UK & World News
Miliband Wants 'Public Question Time' For PM
Labour leader Ed Miliband has said he will give ordinary people the chance to directly question him if he becomes prime minister at the next General Election.
Mr Miliband says he has discussed the idea of a public question time with the Speaker of the House of Commons as part of plans to try and reform the much-criticised Prime Minister's Questions.
A petition recently launched by parenting forum Mumsnet calling for changes to PMQs has gained more than 60,000 signatures.
Inviting public critics to directly confront the country's political leader in Parliament would help re-engage citizens, Mr Miliband said.
"I think what we need is a public question time, where regularly the prime minister submits himself or herself to questioning from members of the public in the Palace of Westminster on Wednesdays," he told BBC1's Andrew Marr Show.
"Why is that important? Because I want to let the public in to our politics.
"At the moment there is the glass that separates the public in the gallery from the House of Commons, but there is a gulf miles wide between the kind of politics people want and what Prime Minister's Questions offers."
Mr Miliband praised Deputy Prime Minister Nick Clegg's decision to take part in a weekly radio phone-in and said he would take part in more himself.
But he said his public session might not take place every week, and insisted those invited "would not just be cheerleading Labour supporters".
Mr Miliband, who said voters "deserved a better debate", suggested the initiative was part of a fightback against critics of his leadership and "geeky" appearance and not a "gimmick".
"It is serious. I want to find ways to change our political culture.
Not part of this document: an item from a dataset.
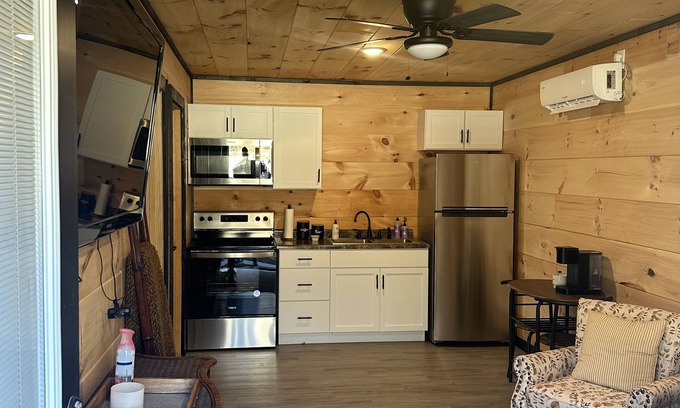 Van Buren Apartment | Current River Apartment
It's not just about photo opps - that is a problem - it is deep and it goes well beyond that," Mr Miliband said.
Mr Miliband said he had spotted the potential benefit of regular interaction with the public when Mr Clegg announced his weekly phone-ins on LBC radio.
"He got a whole load of bile about it when he did it and I remember saying to people 'actually, it's good thing to do'," he said.
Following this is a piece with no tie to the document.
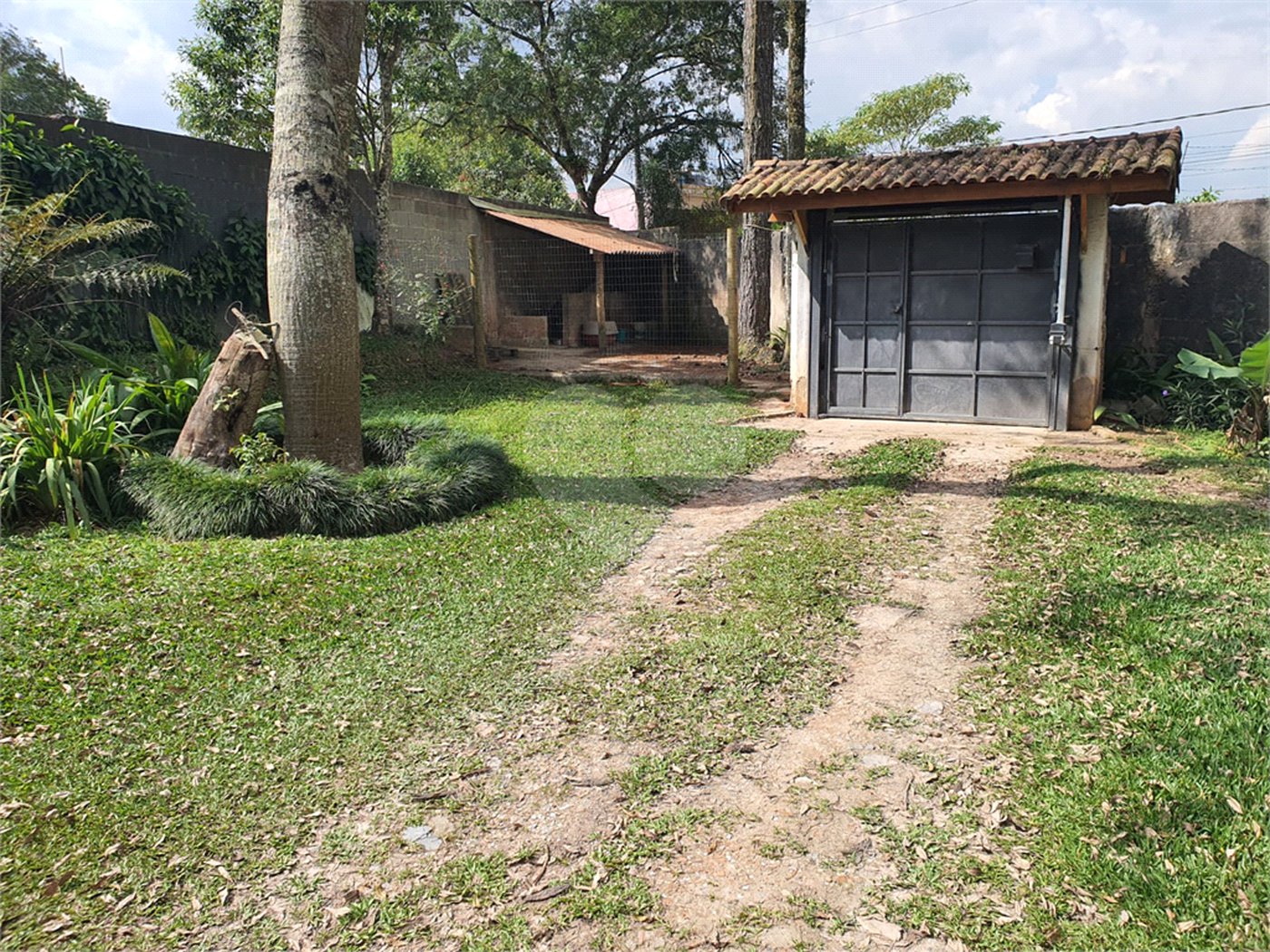 Chácara à venda ou para alugar com 3 quartos em Vila Marcelo, São Paulo, SP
Labour said the sessions would happen at least once a fortnight and possibly weekly, if they were approved by the Speaker, John Bercow.
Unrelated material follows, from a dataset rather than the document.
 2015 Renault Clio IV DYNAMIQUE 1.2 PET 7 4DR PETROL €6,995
A spokesman said questioners "would be chosen by a method to ensure a wide representation of the country and political backgrounds".
Prime Minister David Cameron held regular "Cameron Direct" meetings in town halls and other venues outside Westminster as opposition leader and has continued them, less regularly, in office.
Mr Bercow's office said it would examine any proposals submitted by Mr Miliband - which it said echoed similar reforms already submitted to a review.
A Number 10 spokesperson said: "The Prime Minister is open to new ways of engaging with the public.
"He already holds regular PM Directs, where he takes questions from members of the public in towns and cities across the country."